A posição foi assumida pelo Conselho de Administração da Confederação, que reuniu esta manhã, dia 23 de março, para avaliar várias situações que, segundo a organização, estão a colocar o setor agroalimentar sob pressão e a dificultar a resposta aos desafios recentes do mercado.
 
De acordo com a CONFAGRI, uma das principais preocupações prende-se com o atraso na reposição do potencial produtivo dos agricultores afetados pelas intempéries.

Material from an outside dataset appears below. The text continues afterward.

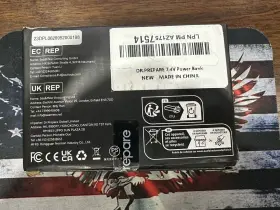 Dcepb7 Dr Prepare 7.4 Vpower Bank #3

A organização critica também a falta de medidas concretas para o setor agrícola perante a subida dos preços dos fatores de produção, em particular do gasóleo agrícola, num contexto marcado pelo início da guerra no Médio Oriente.
Entre os pontos identificados está ainda a situação de impasse nos laboratórios de sanidade animal, a que se junta, segundo a confederação, a ausência de medidas de contingência para a Dermatose Nodular Contagiosa.
 
A organização aponta igualmente o incumprimento de promessas por parte do Executivo, refletido, segundo afirma, na insuficiente dotação orçamental para responder às necessidades de investimento e às expectativas criadas no setor.
No comunicado, a CONFAGRI diz estar solidária com o sentimento de insatisfação que se faz sentir no terreno que, refere, “começa a atingir níveis alarmantes”.
 
A Confederação apela ao primeiro-ministro para que estas matérias sejam consideradas já no próximo Conselho de Ministros, advertindo que, sem resposta, poderá agravar-se a perceção de falta de consideração pelo setor agroalimentar.
Segundo a organização, essa perceção traduz-se na ideia de que o Governo trata a agricultura “como se fosse o parente pobre da economia”.